This article will show how to source data from Azure SQL Database into Azure Machine Learning.
In a typical data life cycle, data is generated and stored in transactional systems or relational databases by front-end applications. This data makes its way to different repositories like master data management, data warehouses, data lakes, and eventually in operational reports. Reporting used to be typically considered the extreme end of the data life cycle with reporting tools as the end consumers of the data. With the rise of systems like machine learning and artificial intelligence, there is a need to provision data from operational data stores to these systems. Data scientists typically explore data from these systems to create a balanced dataset that is fed to the models built using machine learning systems. On the Azure platform, Azure SQL Database is one of the primary relational data stores that is employed to host operational data from transactional systems. Azure also provides services like Azure Machine Learning to build machine learning models. This service sources data from a variety of data repositories like Azure Data Lake Storage, Azure SQL Database, and others. In this article, we will learn sourcing data from SQL Database into Azure Machine Learning and we will explore the profile of the sourced data as well in Azure Machine Learning.
As we intend to source data from Azure SQL Database, the first thing we need in place is setting up an Azure SQL Server instance with some sample data in it. Navigate to Azure portal, search for Azure SQL, and create a new instance of Azure SQL Server. After the instance is set up, one can create Azure SQL Database which can be hosted on it. Once it is in place, the dashboard of the Azure SQL Server instance will look as shown below.
Once the server instance, as well as Azure SQL Database, is in place, the next step is to create Azure Machine Learning Workspace, so that using the same, we can access the machine learning studio, which allows us to configure the objects that let us consume the datasets hosted in SQL Database. Navigate to the Azure portal, search for Azure Machine Learning service, and create a new workspace from the dashboard page. Once the machine learning workspace is created, it looks as shown below.
Creating Azure SQL datastores and datasets in Azure Machine Learning
Now that we have the pre-requisites for this exercise in place, we can start the process of integrating Azure SQL with Azure Machine Learning. Click on the Launch Studio button from the Azure Machine Learning workspace, and a new screen and portal will open. On the Machine Learning Studio portal, click on the Datastores tab as shown below.

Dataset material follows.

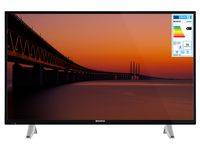 TV CHAMPION LED 40" Full-HD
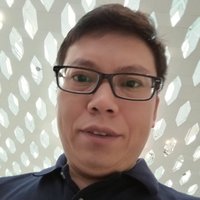 0d15adb43004ab77c0cdba7e3194525d4c962e79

The first step toward sourcing data from Azure SQL Database is registering it as a data store in the machine learning studio. Click on the New datastore button and it will open a screen as shown below. Provide the name for the new datastore and expand the Datastore type drop-down to view the list of supported data stores which are – Azure Blob Storage, Azure file storage, Azure Data Lake Storage Gen 1, Azure Data Lake Storage Gen 2, Azure SQL Database, Azure PostgreSQL Database, and Azure MySQL Database. We intend to source data from SQL Database, so select the same.

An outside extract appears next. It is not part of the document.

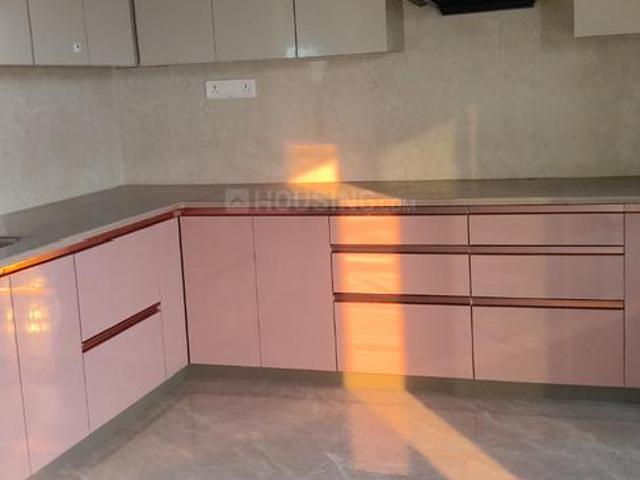 3.5 BHK Independent Builder Floor in Khandagiri for rent Bhubaneswar. The reference number is 21226361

Next, we need to provide the authentication mechanism for connecting to the Azure SQL Database instance. By default, SQL Authentication would be selected. Provide the database credentials using which Azure Machine Learning can connect to this database. It’s recommended to not use the admin credentials and instead, use a service credential here. But for demonstration purposes, any credential that has the required access to the data will work.
By default, the “Use workspace managed identity for data preview and profiling in Azure Machine Learning studio” is set to “No”. In case, if we intend to use managed identity, we need to provide privileges to managed identity in the Azure SQL Database for connectivity. In that case, we won’t need to provide credentials here. Once these details are provided, click on the Create button and it would register the data store successfully.
Once the datastore is created successfully, the next step is to create a Dataset using the newly registered datastore. Click on the Datasets tab, and it will look as shown below. As we do not have any registered datasets, click on the Create dataset button and it provides four options – From local files, From datastore, From web files, and From Open Datasets. We will select the “From Datastore option”.
This will open a new wizard as shown below. The first step is to provide basic information like dataset name, dataset type and optionally a description. Two types of dataset types are supported – Tabular and file-based. As we are sourcing data from Azure SQL Database, we would continue with the default option i.e. Tabular.
The next step is datastore selection. As we have not selected any datastore, it will show that the currently selected datastore is None. In the second option, it would show the list of previously created datastore, which would also have the newly created datastore. Select the datastore that we created and click on the “Select datastore” button. There is an option to skip data validation, which will generally connect to the datastore to test the connectivity and data access. Generally, it’s not advisable to skip this data validation and it provides an opportunity to validate datastore access upfront during the configuration process itself.
After selecting the data store, it will ask for the SQL Query that forms the dataset. This forms the scope of data and also provides a means to shape, filter, format, and do any other in-query processing on the data, to form a dataset that would be made available to the Azure Machine Learning service for immediate use.
Once the query is provided, click on the Next button and it would show the preview of the data as shown below. A sample of data would be shown for preview, and the field names would have a label that shows whether the field is numeric or categorical. After reviewing the data and the field types, click on the Next button to move to the next step.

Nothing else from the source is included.